Canadian agribusiness Richardson International Ltd. announced Thursday that its subsidiary, Richardson Oilseed (US) Holdings Ltd., has struck a deal to purchase Italgrani USA Inc., North America’s biggest durum milling firm.
According to the terms of the deal, Richardson Oilseed will assume ownership of a milling facility in St. Louis, MO that focuses on semolina and durum flour, as well as three storage and crop inputs facilities in North Dakota. The company will also acquire a commodity trading office in Minneapolis, MN.

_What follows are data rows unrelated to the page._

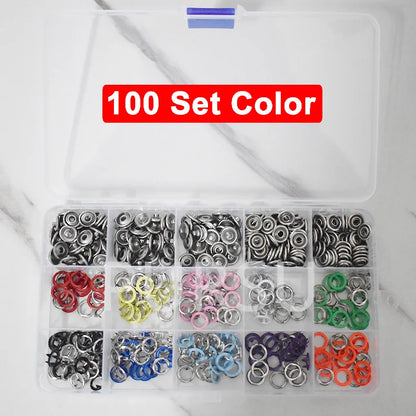 9.5Mm Metal Hollow Five-Claw Snap Button for Installing Clothes Bag Sewing and DIY Craft Hand Pliers Tool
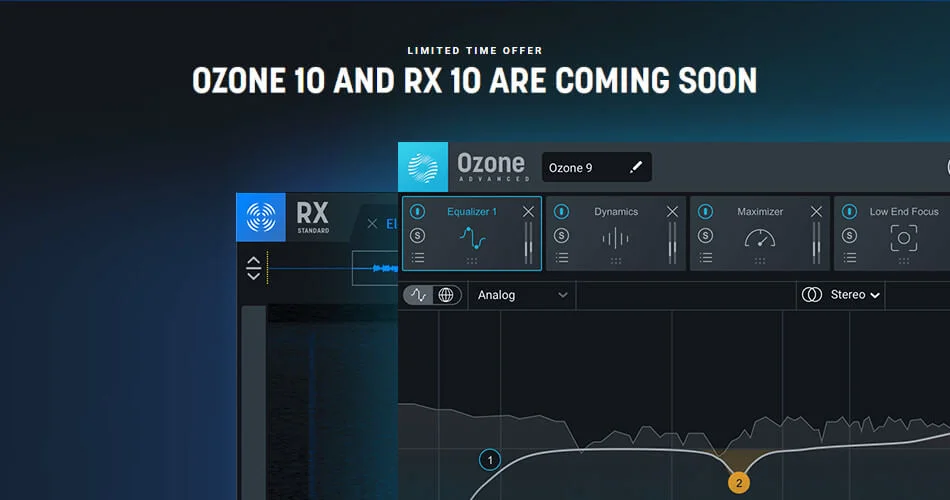 图片[1]-节省 iZotope Ozone 和 RX + 9 月免费更新到版本 10-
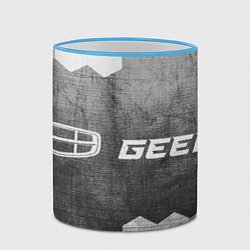 Кружка 3D Geely - grey gradient по-горизонтали, цвет: 3D-небесно-голубой кант — фото 2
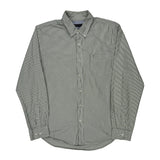 Tommy Hilfiger Striped Shirt - Large Green Cotton
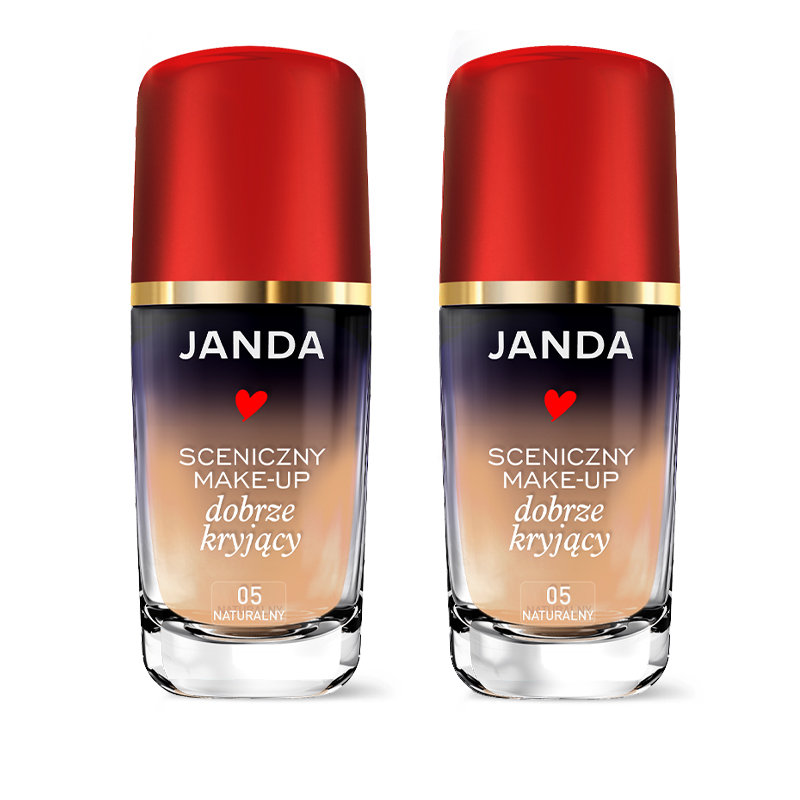 

JANDA, Набор Duopack Make-up сценическое покрытие 05 натуральный, 2 шт.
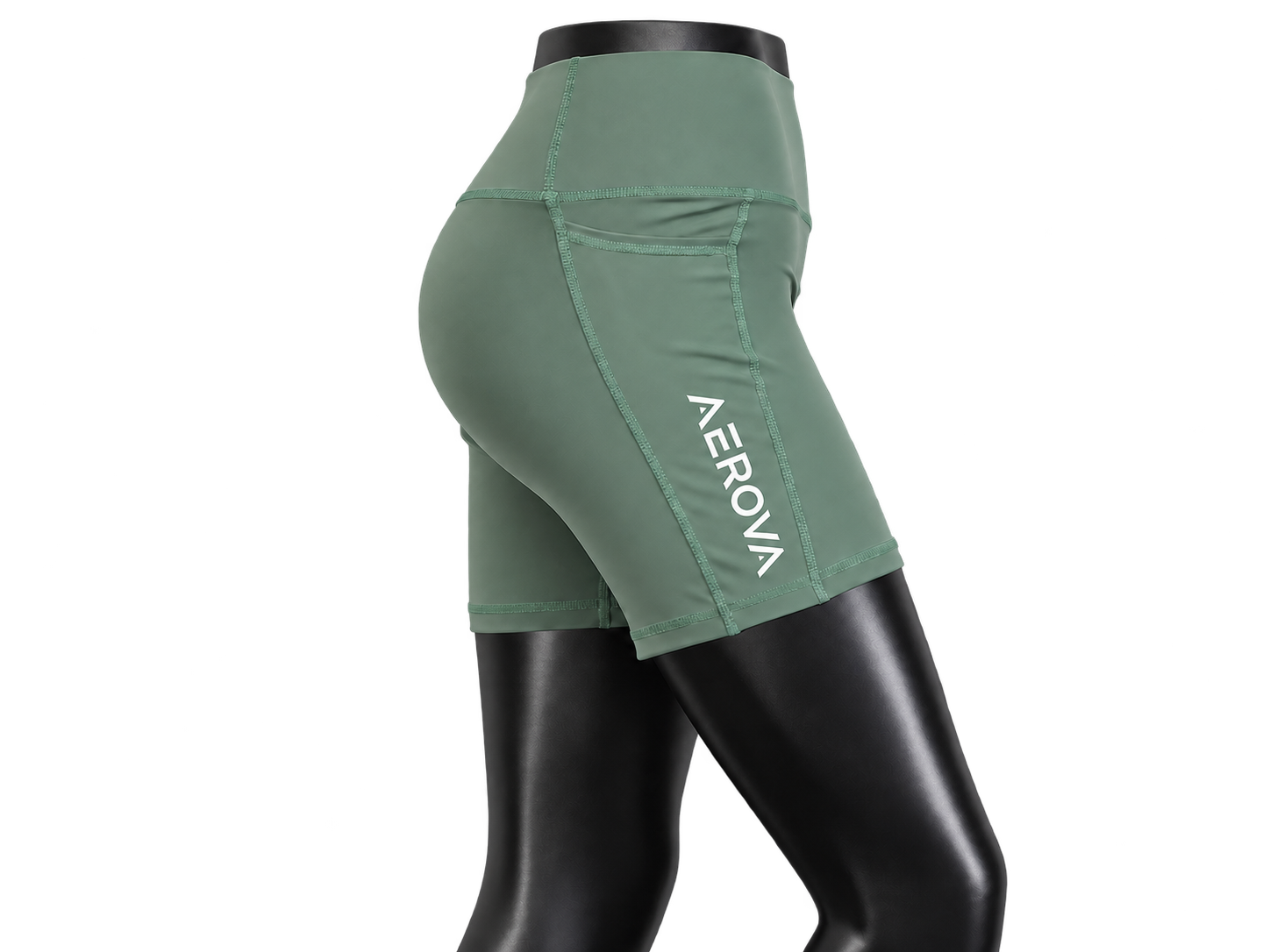 custom women's yoga shorts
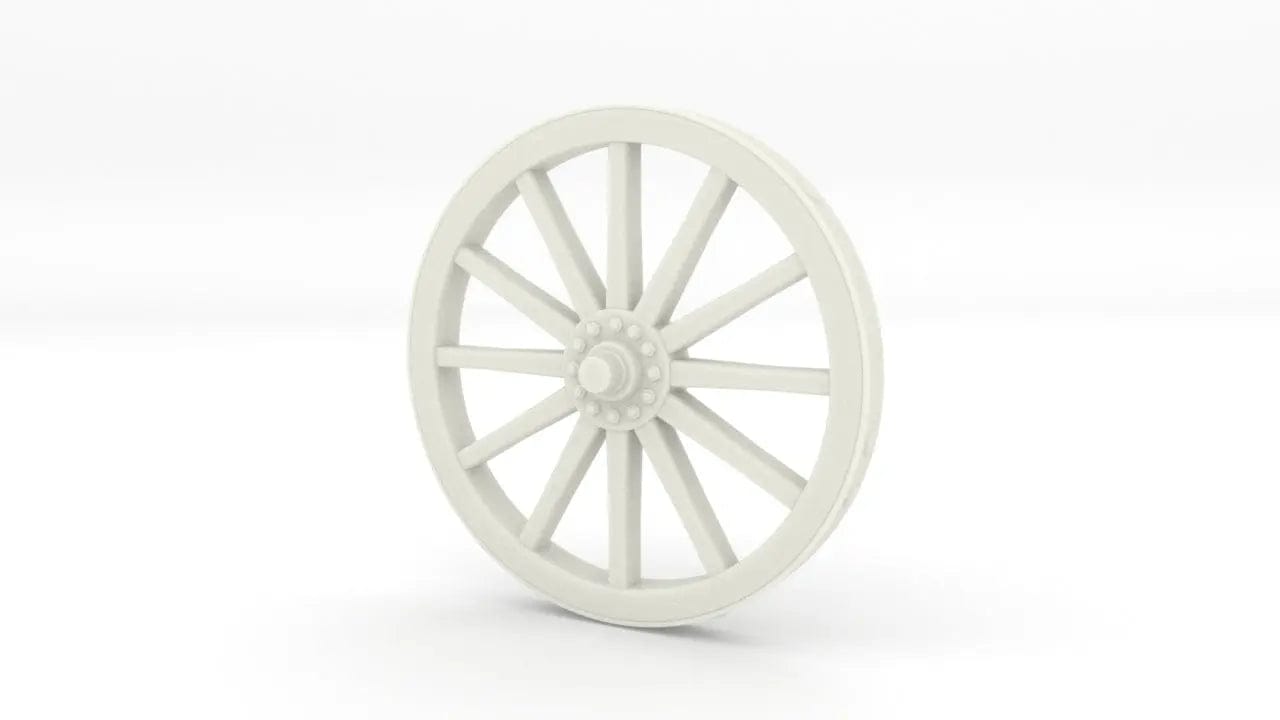 1/6 Poland 7.5cm Skoda Gebirgskanone M.15 Wheel - distefan 3d print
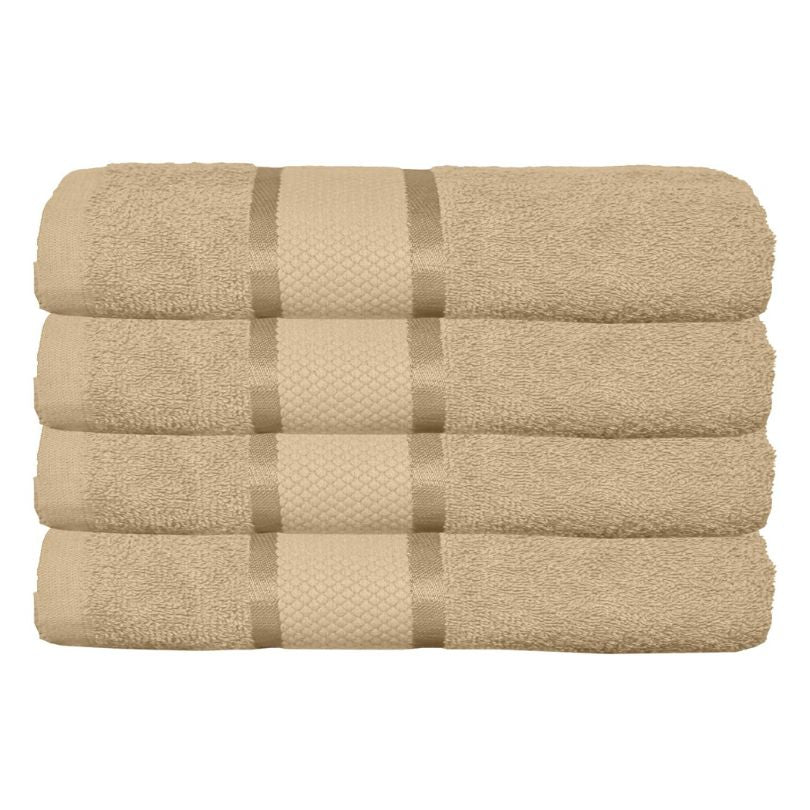 Set 4 prosoape bumbac 100%, 500 g/mp, model Dunga, ultra moi și absorbante|1005-PK 
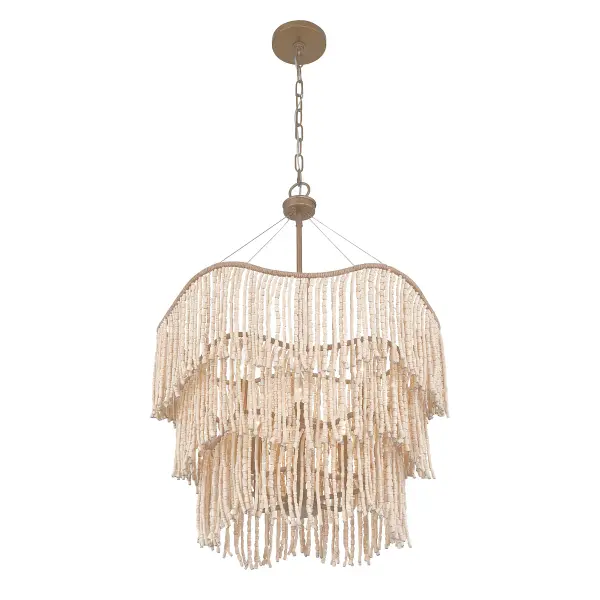 Melia 6-Light Pendant in Cypress by Breegan Jane - Image 4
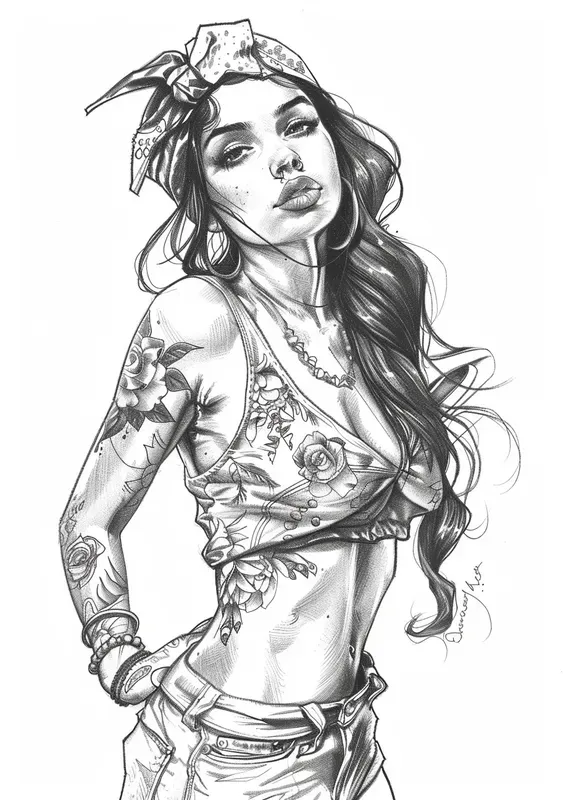 Tattoo Coloring Book Pages For Adults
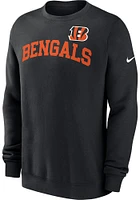 Nike Cincinnati Bengals Mens Black Club Long Sleeve Crew Sweatshirt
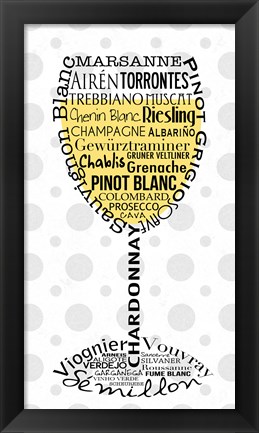 Framed White Wine Print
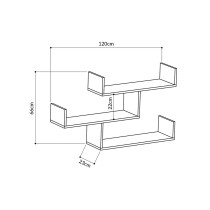 Regale Alexandra House Living Weiß Holz MDP 119 x 67 x 22 cm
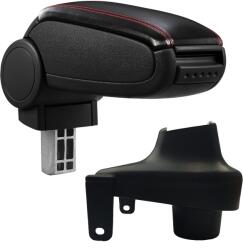  Cotieră pentru Renault Clio 4 (11.2012-) negru piele ecologica cu cusatura rosie () (AVR-RNCL1320-N2R)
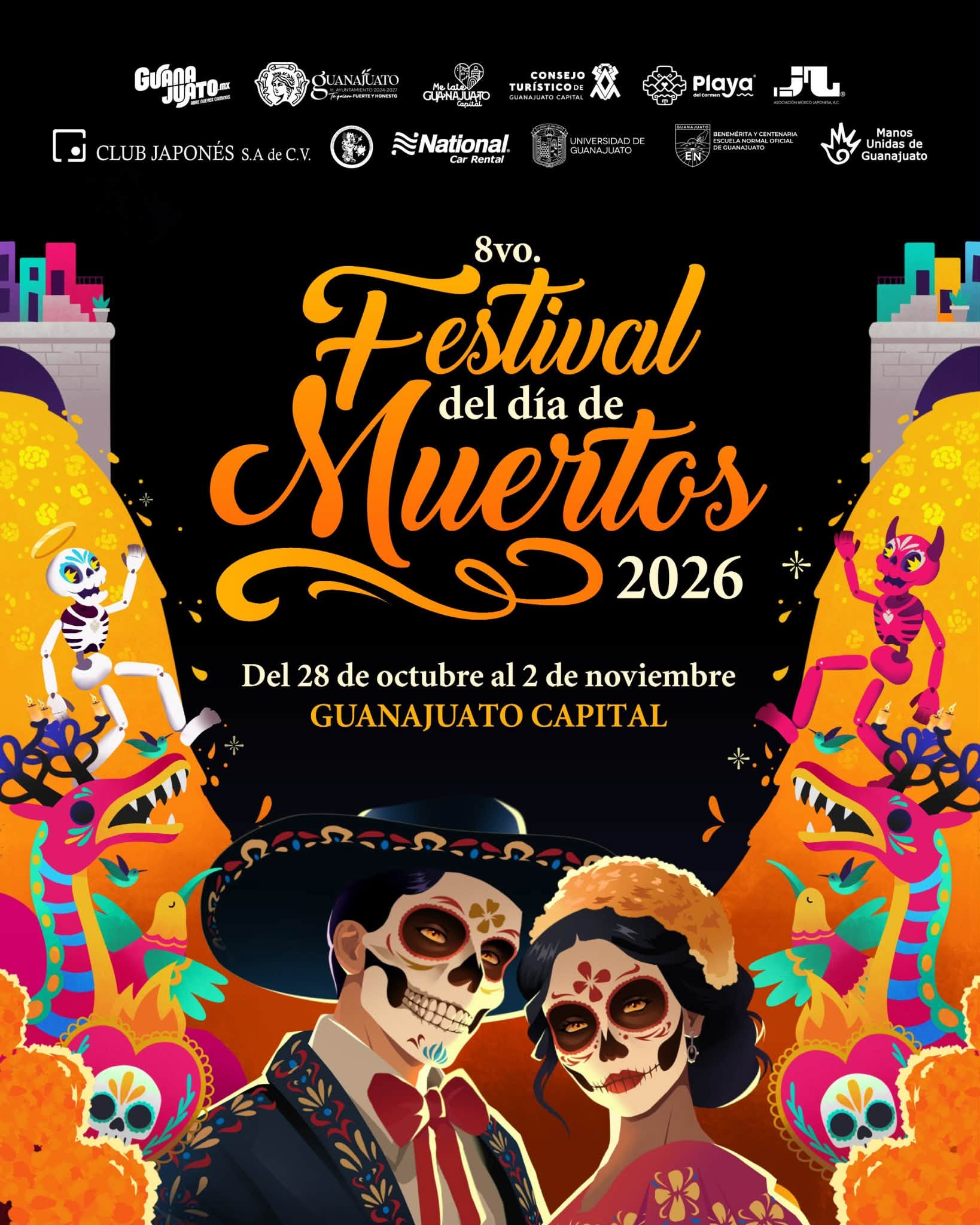 Festival del Día de Muertos Guanajuato 2026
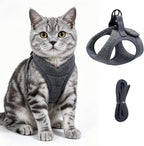 Cat Harness and Leash - Ultra Light Escape Proof Kitten Collar Cat Walking Jacket with Running Cushioning Soft and Comfortable Suitable for Puppies Rabbits - Image 12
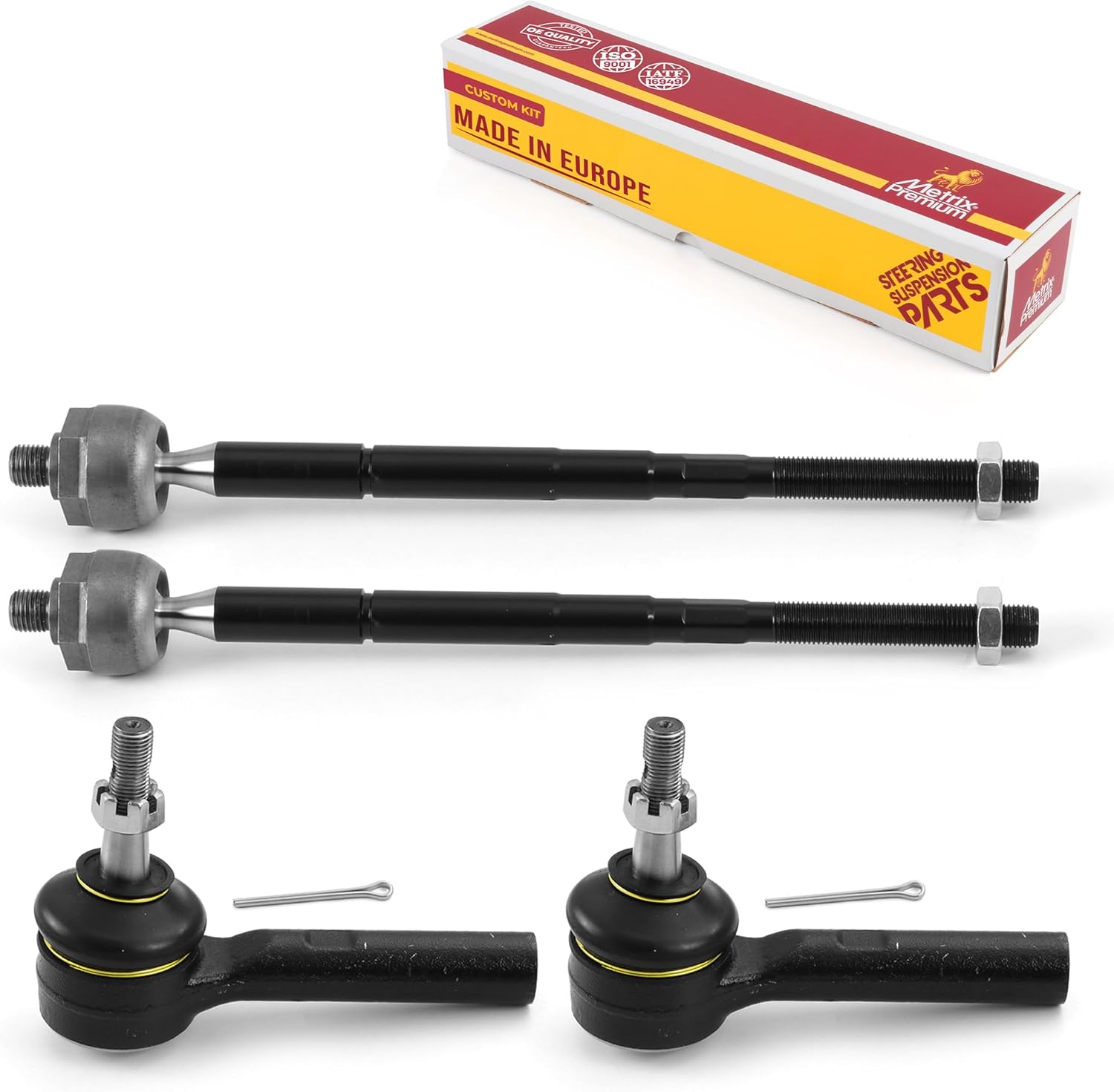 Metrix Premium Chassis Parts - 4 PC Inner & Outer Tie Rod End Kit Fits 09-20 Dodge Journey, 08-14 Avenger, 07-10 Chrysler Cirrus (Mexico), 07-10 Sebring, 11-14 200, EV800400, ES800408, Made in Europe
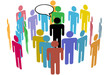 Crowd of Social Media Team People Speaker Crowd of Social Media Team People Speaker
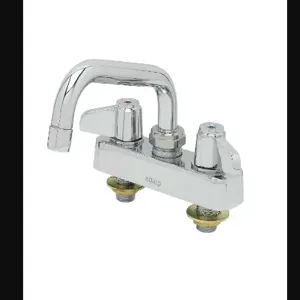 T&S 5F-4CLX06 Workboard Faucet, 4 Inch, Deck Mt., With 6 Inch Swing Nozzle | AU2MYE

“This acquisition is fully aligned with our long-term strategic goals of diversification, geographic expansion, and an increased presence in food processing – having gone from canola to oats and now to durum processing,” said Richardson International President and CEO Curt Vossen in a statement. “The significant scale of processing capability of the Italgrani plant, combined with origination opportunities and crop inputs retail facilities, all included in this transaction, will further enhance the services we will be able to offer to our producer customers, both in Canada and the US.”
If the transaction is approved by regulators, Richardson will take on 100% of shares of Italgrani USA and retain the firm’s existing workforce.
“The Italgrani team is pleased to be joining the Richardson International family of companies and looks forward to working together to further grow and expand the Italgrani USA business footprint,” James Meyer, president of Italgrani USA, said in the release. “Our two companies are well aligned in that we are both focused on customer service, innovative solutions, and being good stewards of resources.”
Richardson said in June that it is constructing a new high throughput grain elevator in Carmichael, SK. Slated to reach completion next fall, the project includes 46,000 mt of storage capacity with a loop rail track that can load 175 high cube rail cars, as well as high-speed receiving and load out and a high capacity grain cleaning system.